Induction Of Vascular Cell Adhesion Molecule-1 Expression By Il-4 In Human Aortic Smooth Muscle Cells Is Not Associated With Increased Nuclear Nf-Kappa B Levels

Vascular cell adhesion molecule-1 (VCAM-1) and intercellular adhesion molecule-1 (ICAM-1) are upregulated in vascular endothelial and smooth muscle cells by cytokines produced at sites of inflammation. The cytokine profile for induction of VCAM-1, however, is different for the two cell types. Tumor necrosis factor-alpha (TNF-alpha) induced both VCAM-1 and ICAM-1 expression in human umbilical vein endothelial cells (HUVECs; ED50 similar to 300 and 30 U/ml, respectively). TNF-alpha and interleukin-1 beta (IL-1 beta) stimulated cell surface ICAM-1 expression, but not VCAM-1 expression, in human aortic smooth muscle cells (HASMCs). Conversely, IL-4 was a potent VCAM-1 inducer in HASMCs (ED50 similar to 100 pg/ml) but did not induce ICAM-1 expression. Nuclear extracts from IL-4-treated cells were compared with untreated cells for relative nuclear factor-kappa 9 (NF-kappa B) revels by using an electrophoretic mobility shift assay and surface plasmon resonance techniques.
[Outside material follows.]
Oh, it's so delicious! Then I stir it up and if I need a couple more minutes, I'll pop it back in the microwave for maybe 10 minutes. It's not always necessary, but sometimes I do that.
No significant increase in nuclear NF-kappa B DNA binding activity was detected in IL-4-treated HASMCs by either method of analysis. IL-1 beta and TNF-alpha stimulated nuclear NF-kappa B levels by about fourfold and fivefold, respectively, in HASMCs. The antioxidant pyrrolidine dithiocarbamate (PDTC) similarly inhibited VCAM-1 upregulation in HASMCs incubated with IL-4 and in HUVECs incubated with TNF-alpha (IC(50)s of 25 and 40 mu M, respectively). These data suggest that a significant increase in nuclear NF-kappa B levels is not necessary or sufficient for VCAM-1 upregulation in HASMCs and does not determine the relative sensitivity to inhibition of gene expression by PDTC. (C) 1999 Wiley-Liss, Inc.